» What you should do
Without any images, output the records below verbatim.

(Input data begins)

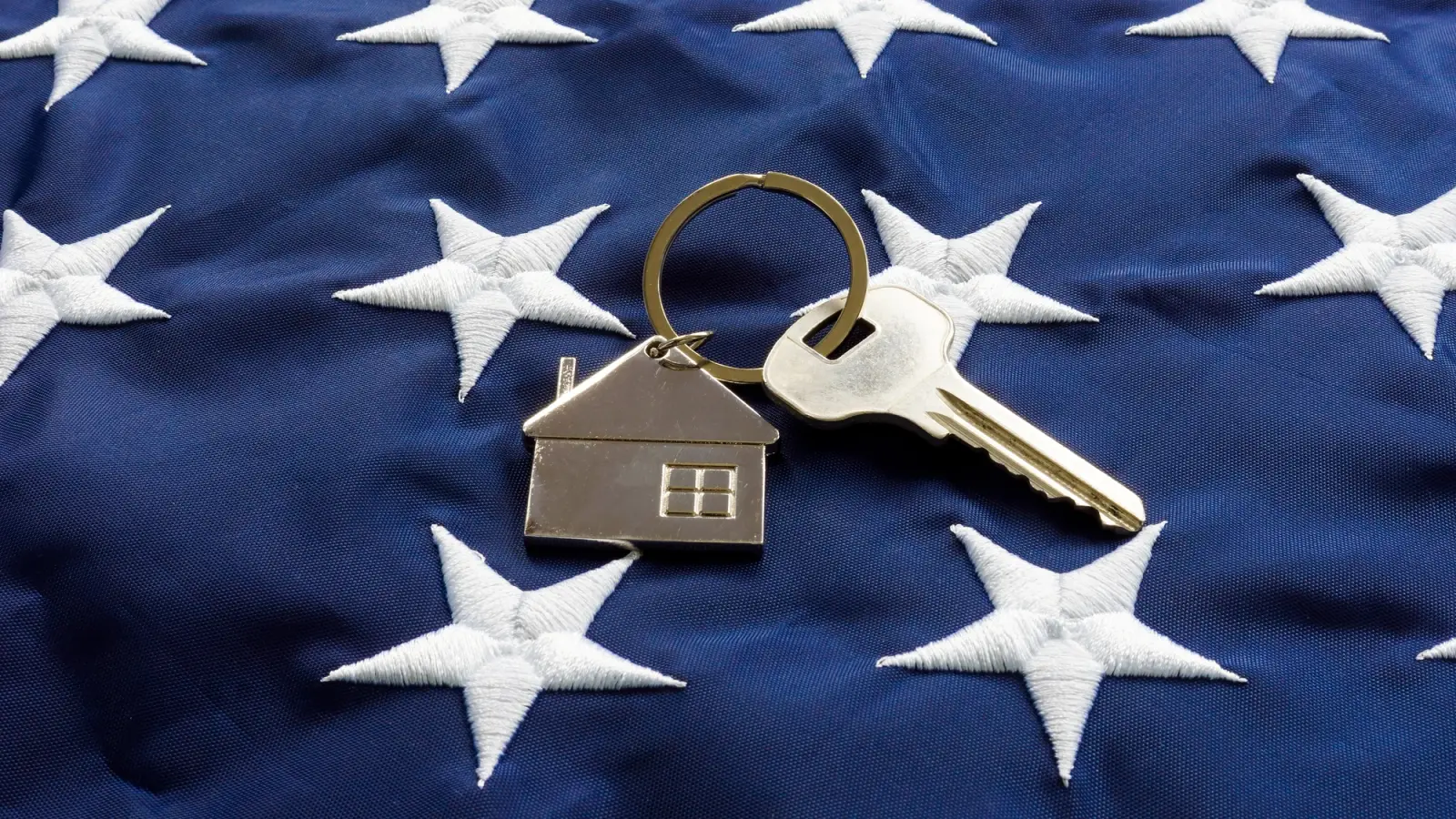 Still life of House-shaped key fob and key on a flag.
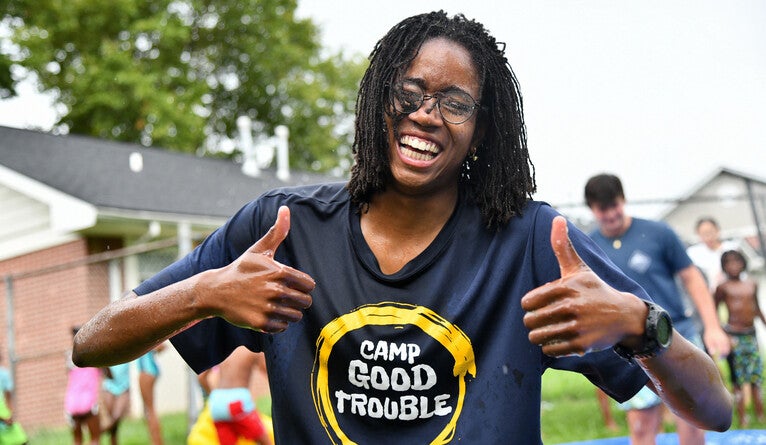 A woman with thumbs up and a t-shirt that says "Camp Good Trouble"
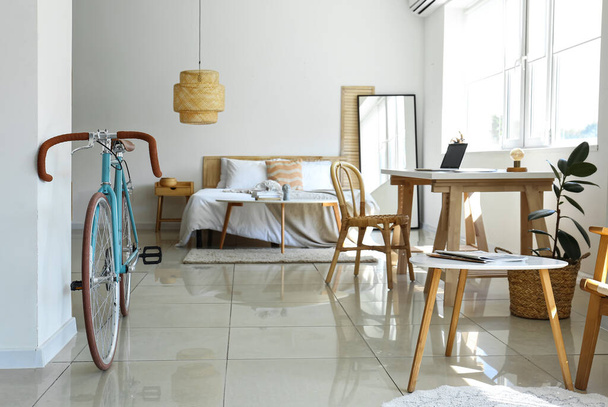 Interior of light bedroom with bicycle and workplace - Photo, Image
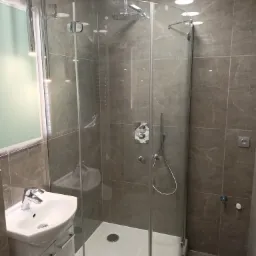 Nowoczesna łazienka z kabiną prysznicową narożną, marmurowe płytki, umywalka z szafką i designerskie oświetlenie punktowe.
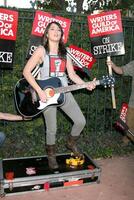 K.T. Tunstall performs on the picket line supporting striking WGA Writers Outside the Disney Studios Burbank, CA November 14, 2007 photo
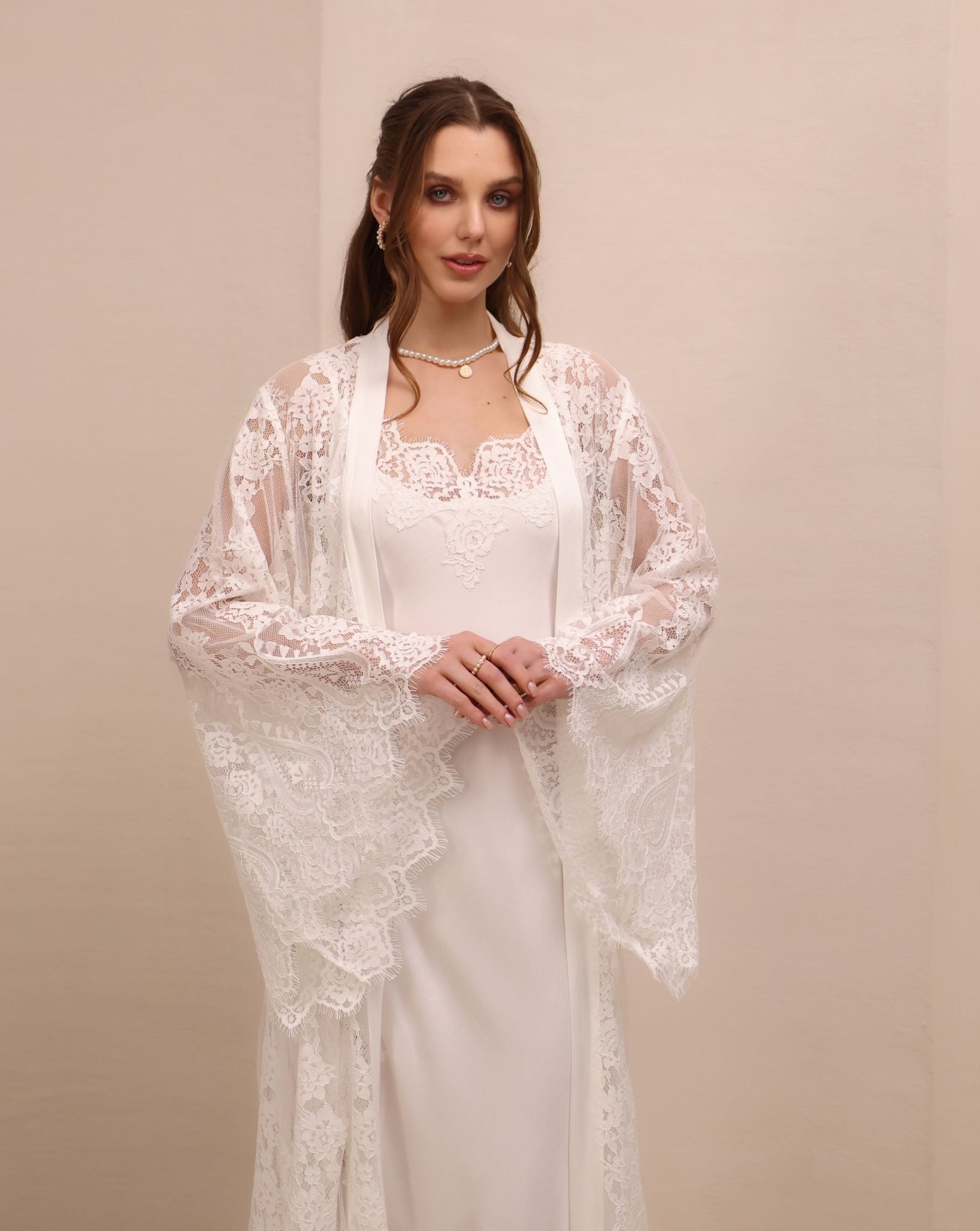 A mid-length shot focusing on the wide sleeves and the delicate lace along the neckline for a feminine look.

(Input data ends)

» Output for this exercise
 Still life of House-shaped key fob and key on a flag.
 A woman with thumbs up and a t-shirt that says "Camp Good Trouble"
 Interior of light bedroom with bicycle and workplace - Photo, Image
 Nowoczesna łazienka z kabiną prysznicową narożną, marmurowe płytki, umywalka z szafką i designerskie oświetlenie punktowe.
 K.T. Tunstall performs on the picket line supporting striking WGA Writers Outside the Disney Studios Burbank, CA November 14, 2007 photo
 A mid-length shot focusing on the wide sleeves and the delicate lace along the neckline for a feminine look.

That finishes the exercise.